On avait quitté Bouli Lanners il y a quelques années déjà, sur la route d’Eldorado; on le retrouve à Bruxelles, par une belle matinée du mois d’août, pour évoquer Les Géants, son troisième long métrage comme réalisateur, et le voyage initiatique de 3 adolescents livrés à eux-mêmes, embarqués pour une série d’aventures à la lisière du conte et du monde des adultes. Un film aussi singulier que personnel, « hors-piste en piste », pour reprendre l’expression de son auteur, peu avare de confidences. Et pas plus regardant sur son temps, lui qui remettra le couvert de l’entretien quelques semaines plus tard, chez lui, sur les hauteurs de Liège, pour aborder cette fois le contenu de ce Focus made in Bouliwood -à lire par ailleurs, tout au long de ce magazine…

Comment l’histoire des Géants a-t-elle pris forme?

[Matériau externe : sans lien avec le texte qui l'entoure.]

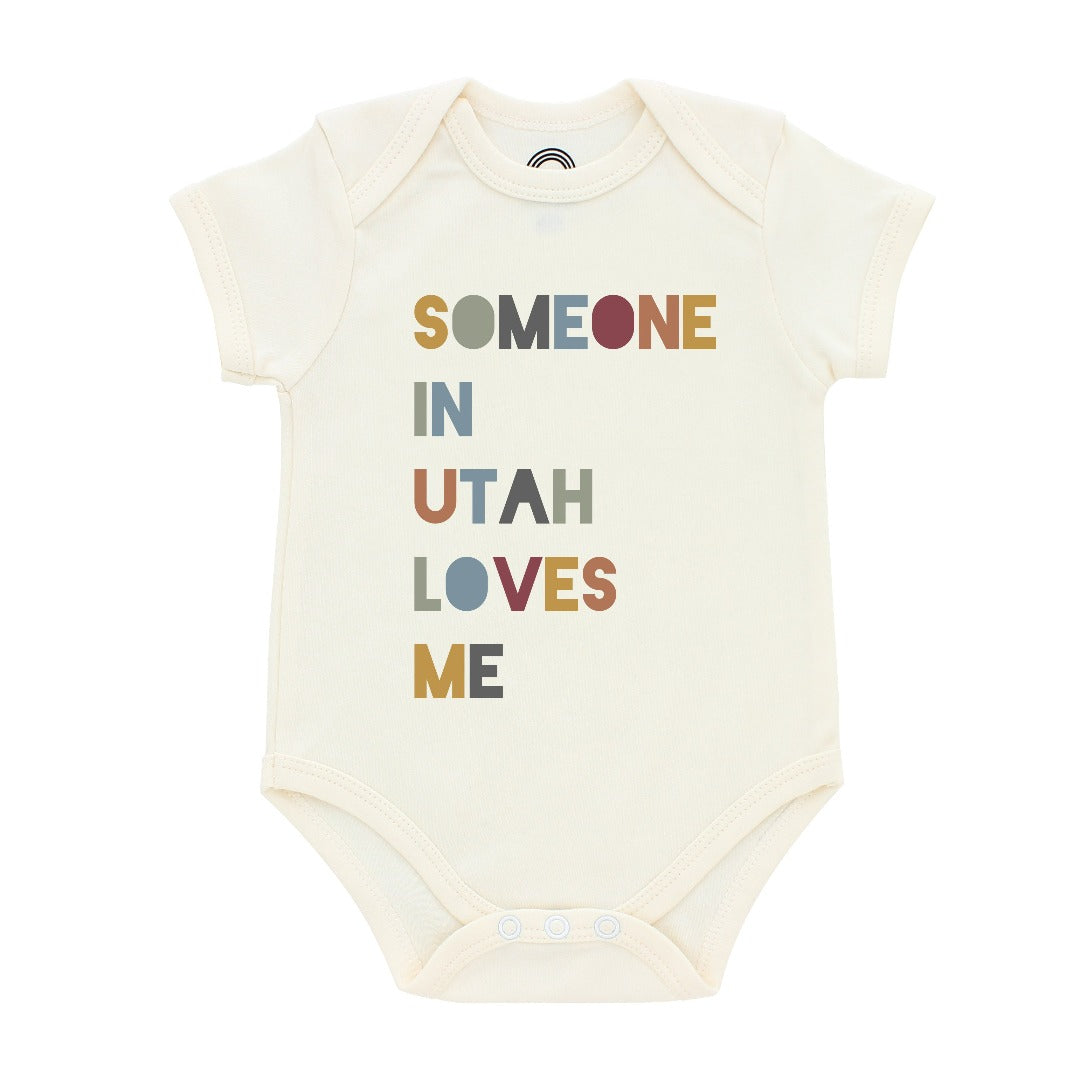 Someone in Utah Loves Me Cotton Baby Bodysuit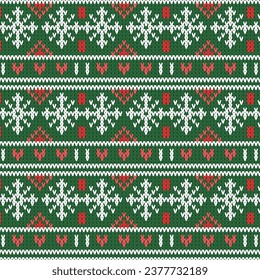 Christmas snowflakes continuous pattern background vector illustration
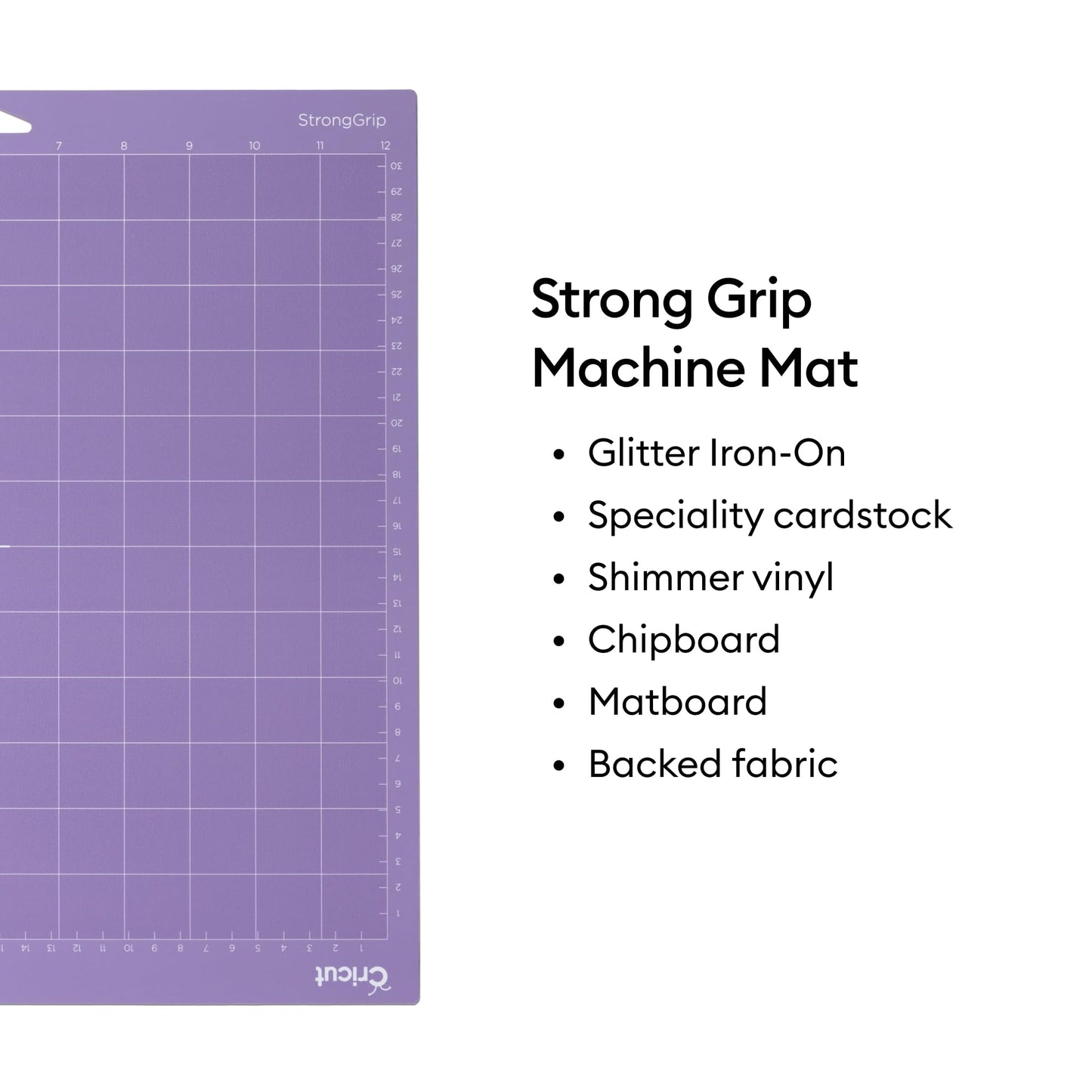 Cricut StrongGrip Cricut Cutting Mat 12in x 12in, Craft Mat for Cricut Maker & Explore, Use with Heavyweight Materials - Specialty Cardstock, Matboard & More, Reusable, Clear Protective Film (3 Count)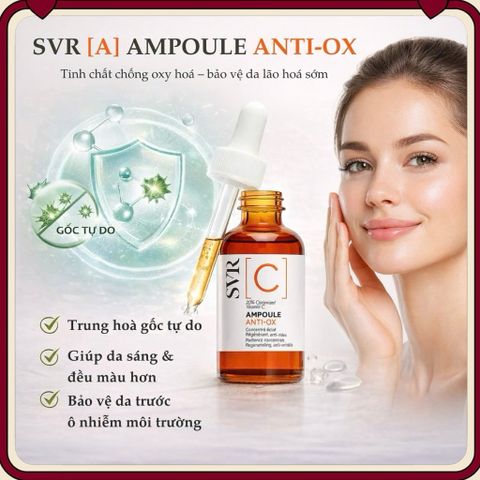Serum Vitamin C SVR C Ampoule 30ml - Chăm Sóc Da Sáng Khỏe, Chống Oxy Hóa Hiệu Quả, Cung Cấp Độ Ẩm Tối Ưu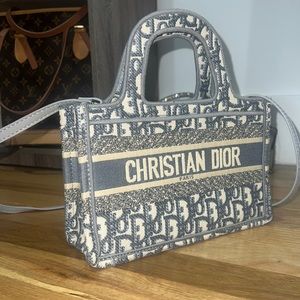 Mini Dior Book Tote - new strap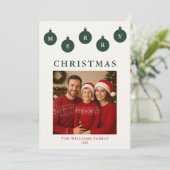 Personalisierte Weihnachtskarte mit Foto Feiertagskarte (Stehend Vorderseite)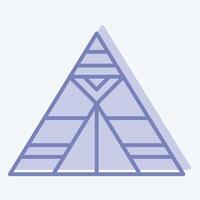 Icon Tent. related to Native American symbol. two tone style. design editable vector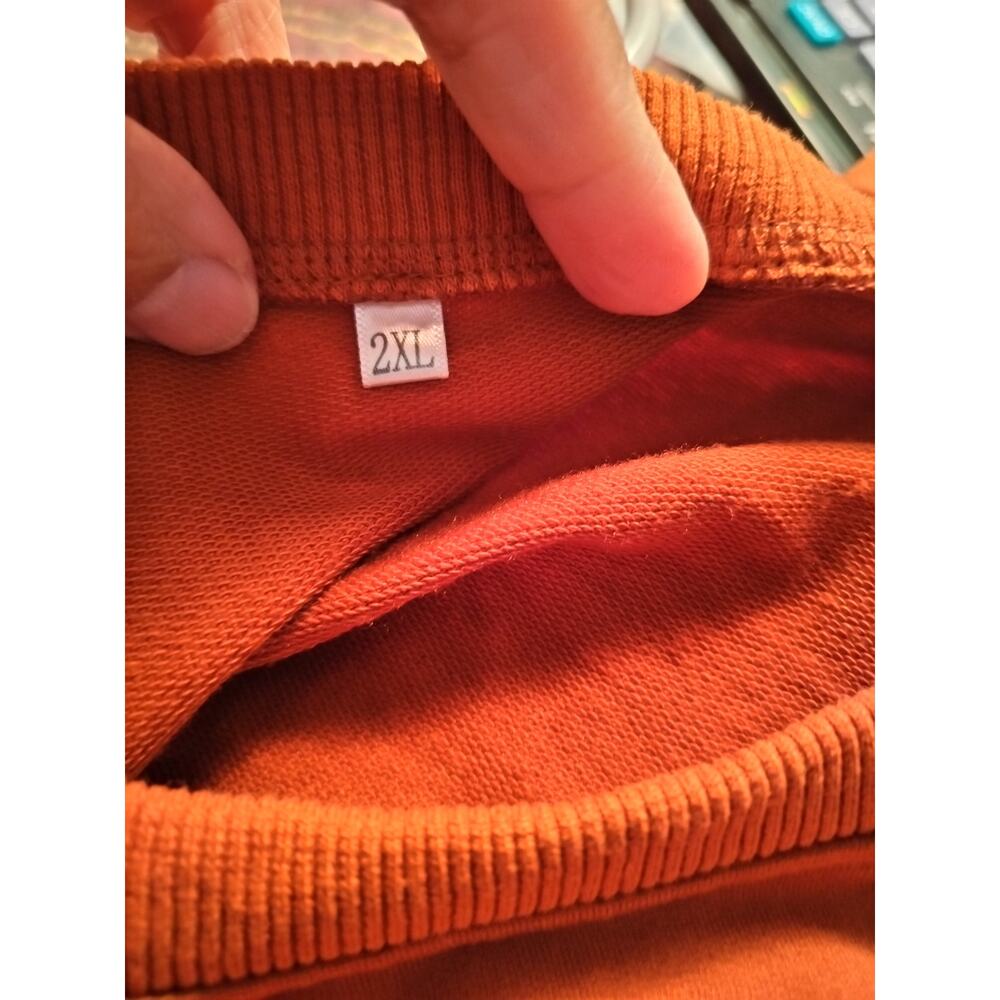 4235) Halloween Town University Long Sleeve Crewneck Cropped Sweatshirt 2XL - Picture 4 of 5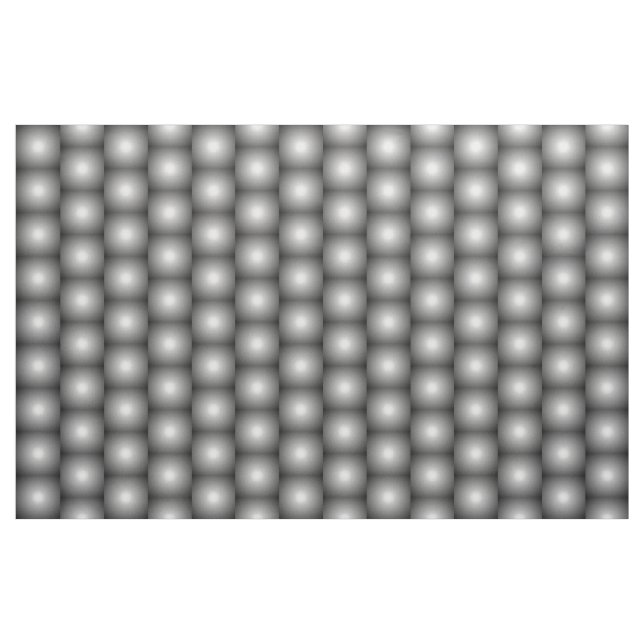 Tela Black Mesh White Balls Moire de Kenneth Yoncich (Yarda)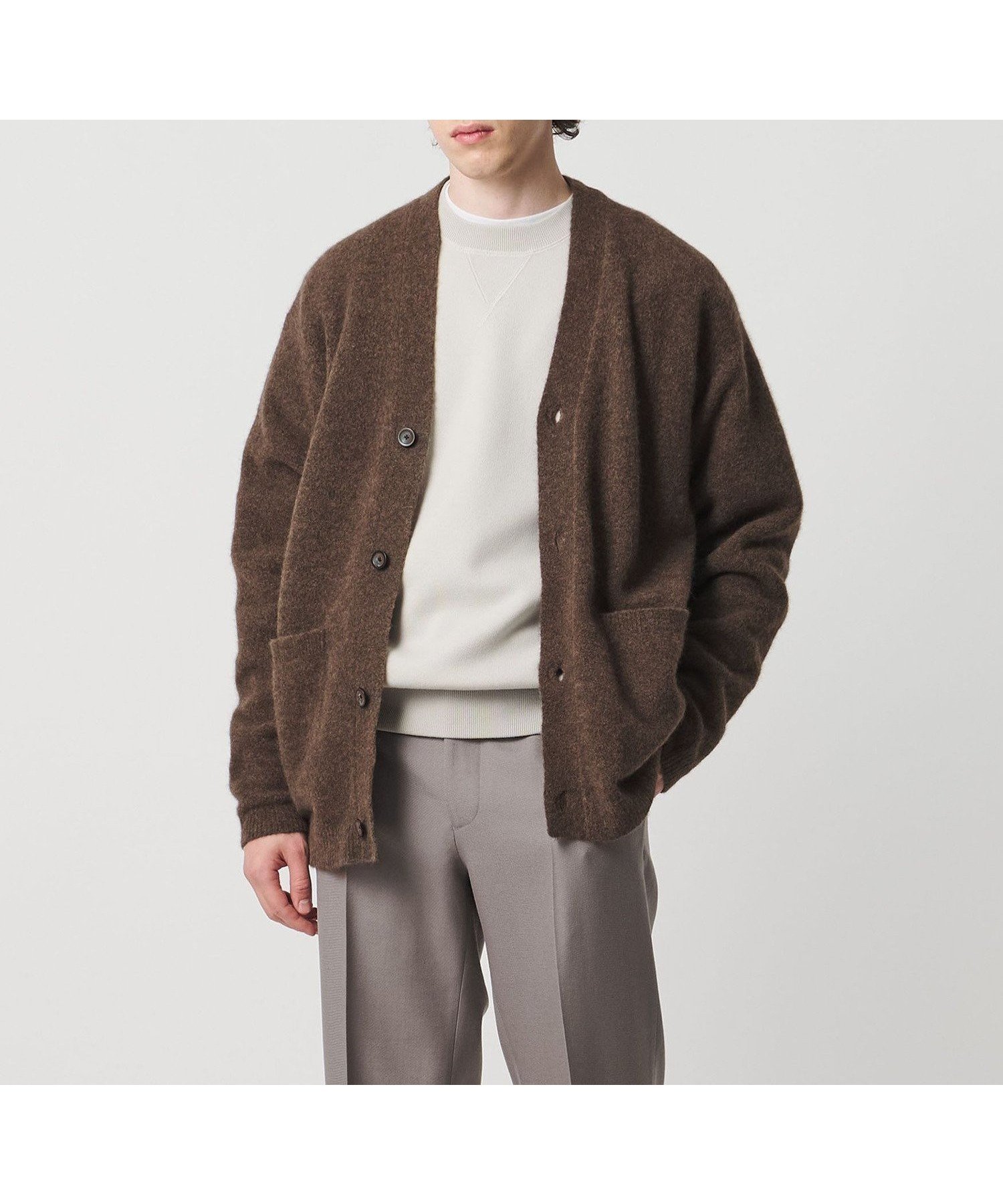 【ユナイテッドアローズ/UNITED ARROWS / MEN】のヤク ヘアリー カーディガン 人気、トレンドファッション・服の通販 founy(ファニー) 　ファッション　Fashion　メンズファッション　Fashion for Men　イタリア　Italy　インナー　Innerwear　カーディガン　Cardigan, Knitwear　デニム　Denim, Jeans Material　パッチ　Patch, Appliqué　ポケット　Pocket, Pocket Detail　羽織　Haori, Light Jacket　リラックス　Relax, Relaxed Fit　 other-1|ID: prp329100004835767 ipo3291000000035224034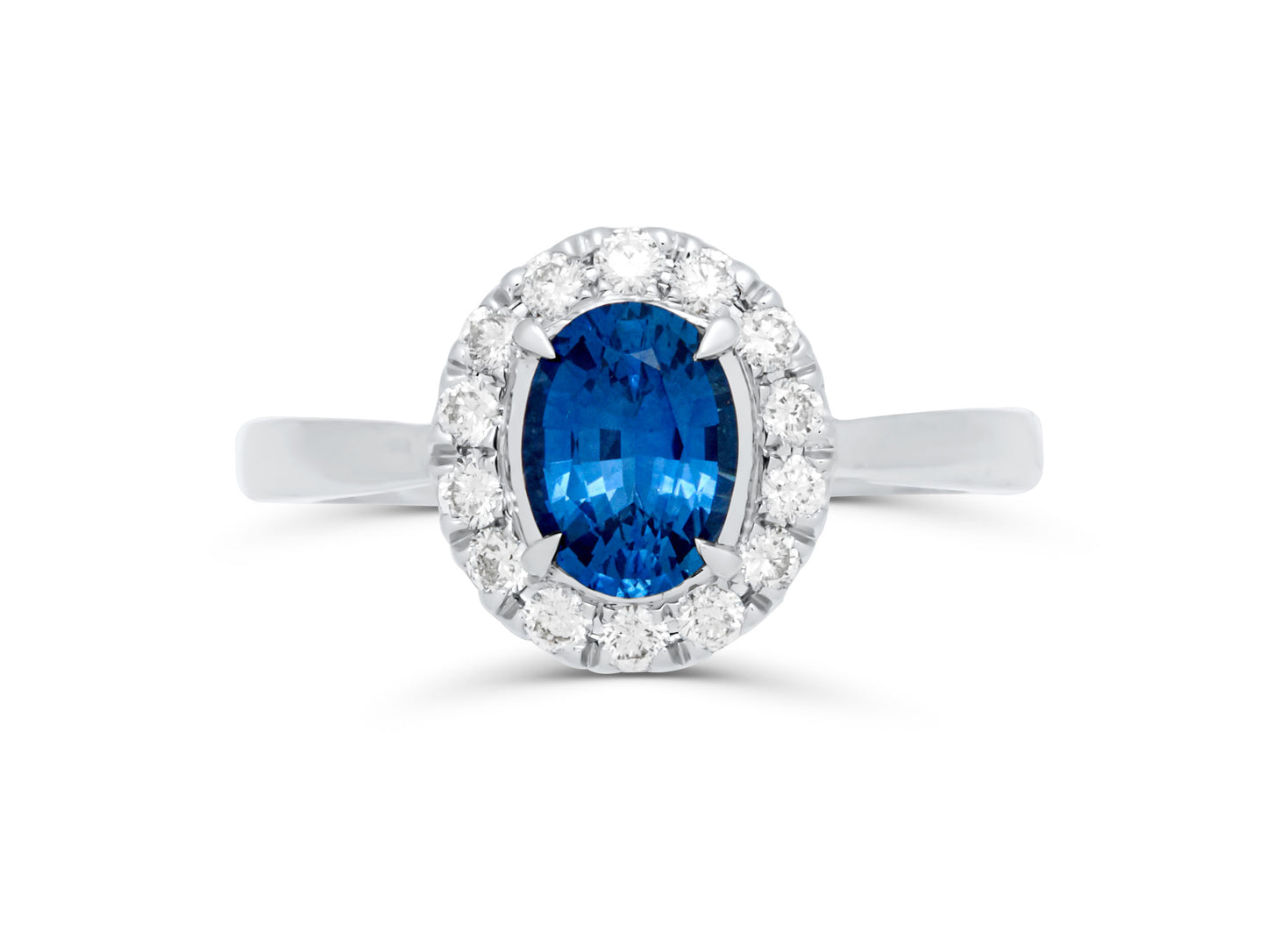 Sapphire Oval Cut Platinum Cocktail Ring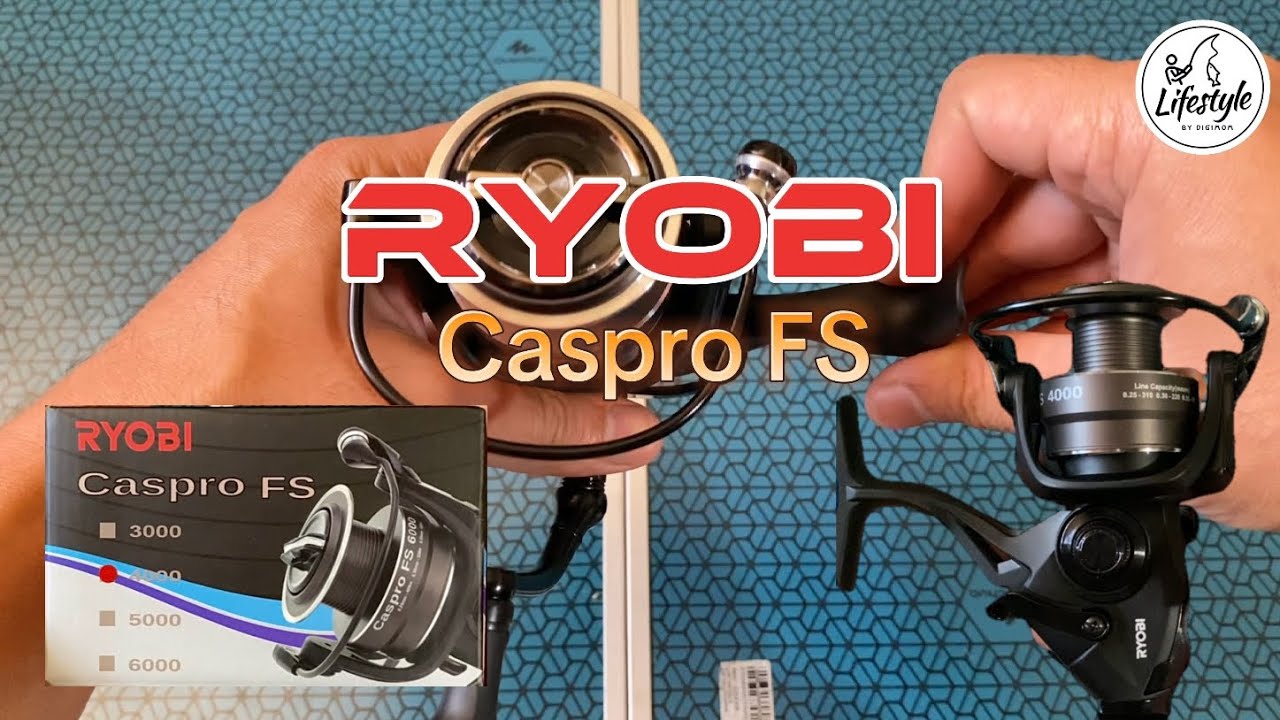 รีวิวรอก Ryobi Caspro FS 4000 รอกสปินเนอร์ระบบเบสรันเนอร์ ตัวใหม่ มาแรงที่สุด ในเวลานี้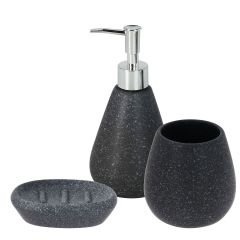 MRSHome Σετ Μπάνιου 400 ml Από Δολομίτη 3 Τμχ I Anthracite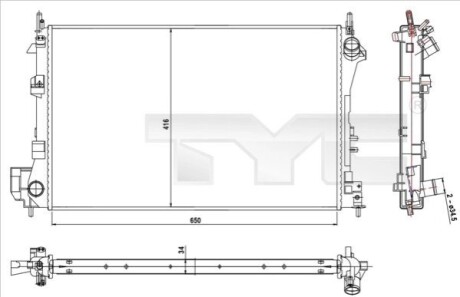 Автозапчасть TYC 7250010R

Au départ, il y a eu la rencontre avec un adolescent, qui poussait une mobylette en panne. Il m’a arrêté sur la route, au retour de Maastricht où il était allé acheter du shit, à mon avis, et il m’a demandé de lui vendre à boire. (…) Je lui ai plutôt proposé d’aller boire un verre et manger, et on a parlé pendant 2 heures. Quelques jours après, je suis tombé sur 2 autres ados, qui débarquaient en ville, tout perdus. Je les ai pris en bagnole, je les ai déposés en ville, et j’ai été touché par la fragilité de cet âge-là: des petits hommes, qui ne sont pas encore des hommes mais des résidus d’enfants, et qui s’affirment de manière si fragile. C’est ainsi qu’est née l’envie de faire un film sur l’adolescence, mais au niveau de l’adolescence. Et de parler de la confrontation qui peut être rude avec le monde adulte.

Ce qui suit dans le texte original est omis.